WORK REQUEST.
Retype word for word the stretch of entries below from the line that has "Siemens 3VL2716-1AA33-0AA0 Kompaktleistungsschalter" through the line that has "Bild 1 - Charmantes", and omit the pictures.

DATA SECTION.
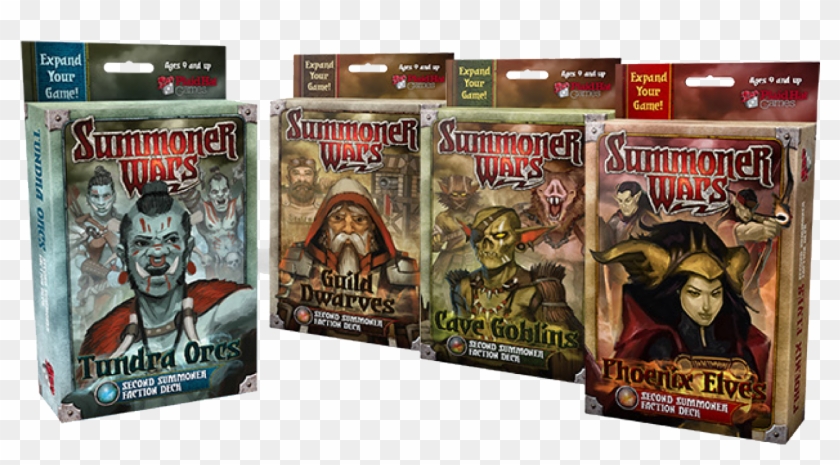 Okay Guys, What Can You Tell Me About Summoner Wars - Summoners War Jeu De Plateau Clipart #4877612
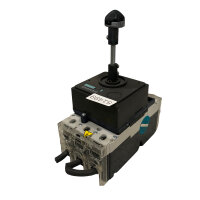 Siemens 3VL2716-1AA33-0AA0 Kompaktleistungsschalter mit Drehantrieb 3VL9216-6AE30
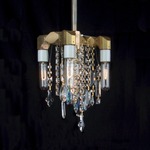 Bryce Five Bulb Chandelier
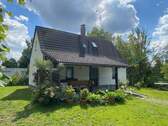 Bild 1 - Charmantes kleines Einfamilienhaus auf schönen Grundstück in Königsbrück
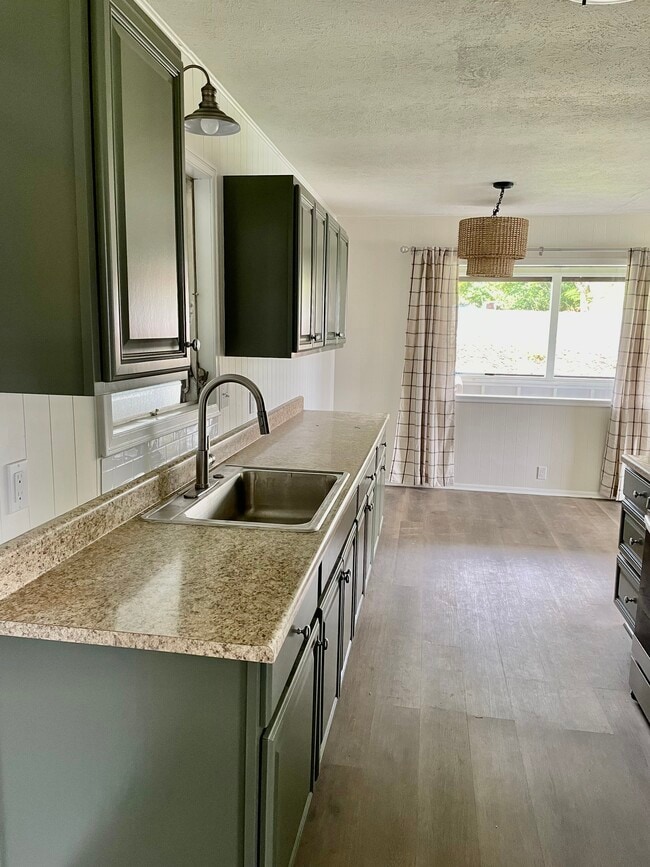 Newly painted cabinets - 64-5230 Nani Waimea St Unit 3 bed 2 bathroom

RESPONSE AREA.
 Siemens 3VL2716-1AA33-0AA0 Kompaktleistungsschalter mit Drehantrieb 3VL9216-6AE30
 Bryce Five Bulb Chandelier
 Bild 1 - Charmantes kleines Einfamilienhaus auf schönen Grundstück in Königsbrück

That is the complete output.